Don’t you hate it when you’re writing some new image loading or texture drawing code but don’t have any suitable test images? I always waste lots of time looking for a “nice” image to test with, and often end up drawing something with distict pixel values so I can pinpoint where any given image loading bug is. With that in mind I’ve spent a few evenings working on a proper “test card”.
TV test cards are a rare sight on broadcasts these days, with most digital channels choosing to just have a blank screen when a channel is off air, but pretty much everyone in the uk will have the famous Test Card F burnt into their retina at some point. Test card design is rather facinating, as all the various elements (blocks of colour, diagonal stripes, etc.) are designed to allow particular elements of a broadcast or tv configuration to be tested and tweeked.
Most of them aren’t relevent to games though, since we don’t have to worry about scan amplitudes and all that mumbo jumbo. Mostly we’re concerned about getting binary data off disk and accurately displaying that on the screen (dealing with file formats, endianness, and display surface formats in the process). So while Test Card F is nice and iconic, it’s not really suitable for our use.
Here’s a couple of my old (crude) test images:
They’re not bad, but by todays standards they’re a little small, the nicer Tails one is an awkward 48×48 and neither of them are good when you’re trying to debug file format, image pitch or similar issues since the borders and colours aren’t terribly helpful.

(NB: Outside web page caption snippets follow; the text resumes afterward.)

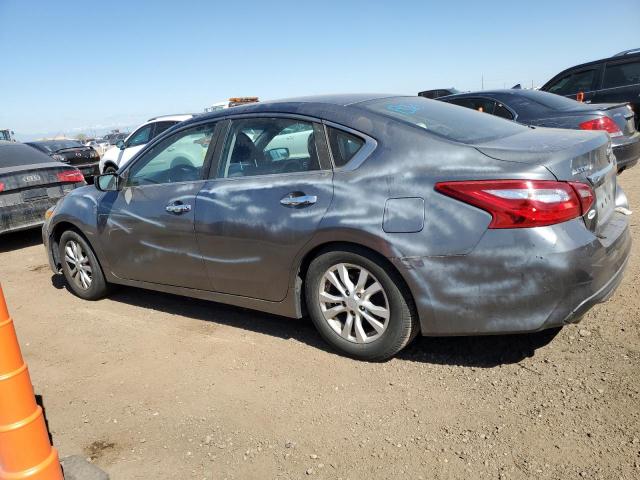 Vin: 1n4al3ap8gn365053, lot: 55126085, nissan altima 2.5 20162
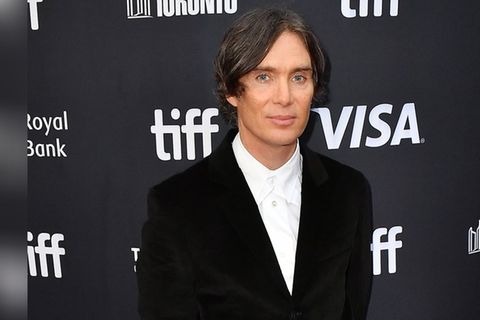 Es kursieren Gerüchte, dass Cillian Murphy in der neuen "Harry Potter"-Serie Lord Voldemort spielt.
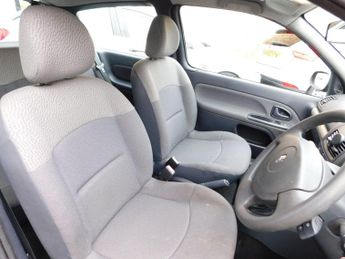 Renault Clio 1.2 Authentique 3dr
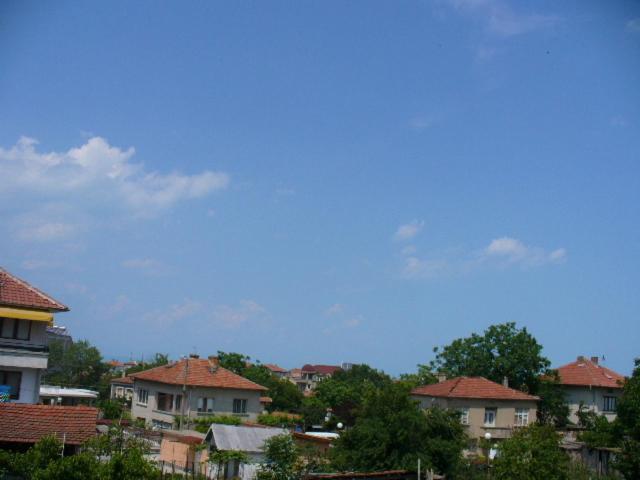 Guest House Alex Chernomorets Bagian luar foto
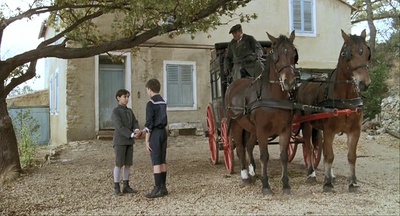 父亲的荣耀剧照的剧照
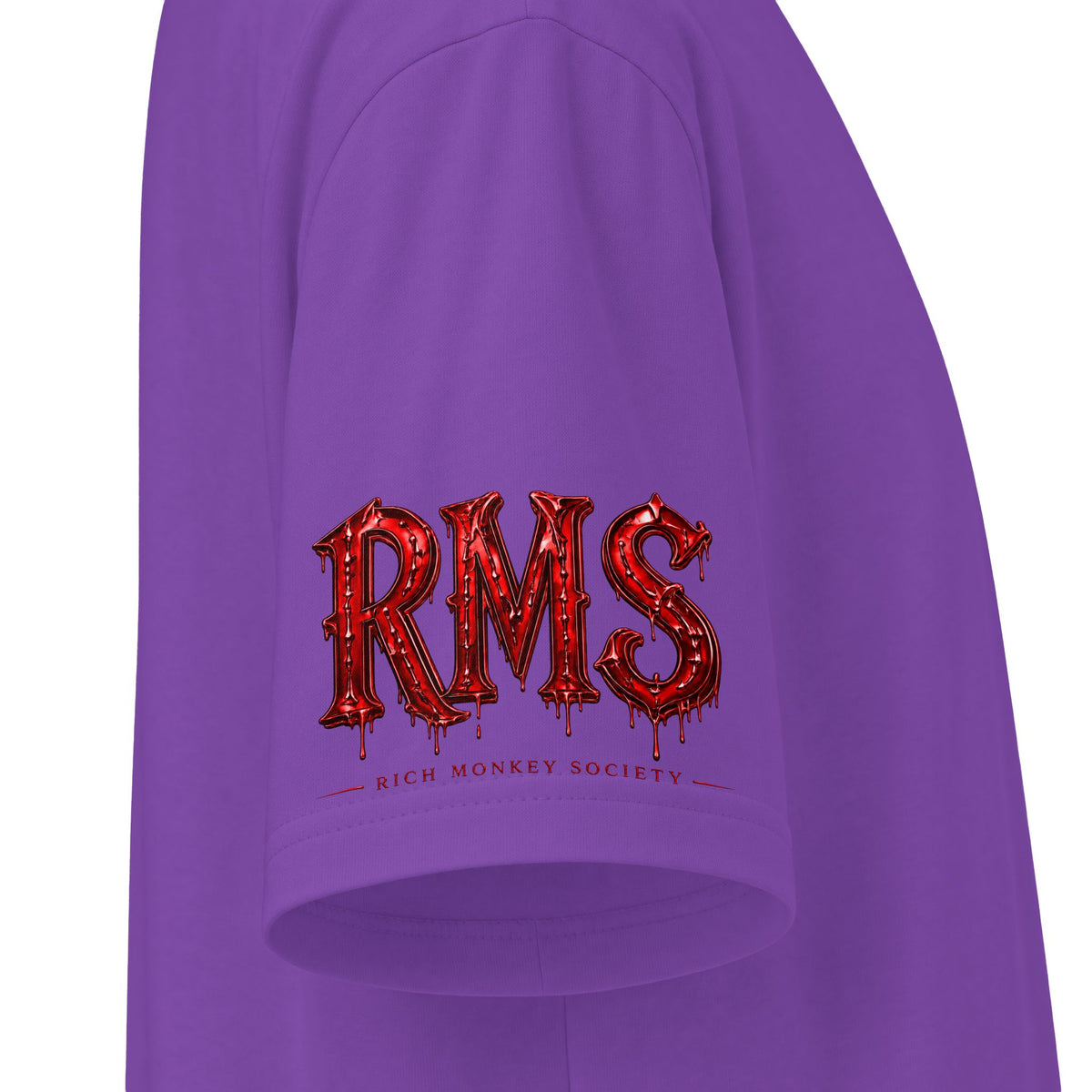 RMS-King Of Hell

With those issues in mind, here’s my new test card:
This breaks down as:
1. Well defined an unique border pixels make it easy to see if you’re displaying the whole image or if you’ve sliced off an edge accidentally.
2. The main circle shows is for judging aspect ratio, and making sure you’ve not accidentally streched or squashed it.
3. The checkered edge markings are every 8 pixels, so you can line things up easily.
4. Various pixel patterns in the corners for checking 1:1 pixel drawing.
5. Colour and greyscale bars and gradients for general colour/gamma correction and to highlight colour precision issues.
6. Ticks mark the center of each edge for alignment.
7. Tails is always cool. [grin] Replace with your own favorite character as you see fit. The image and the text make sure you’re displaying it at the correct orientation and not flipping or mirroring it.
8. The empty box at the bottom is left blank for you own logo or text.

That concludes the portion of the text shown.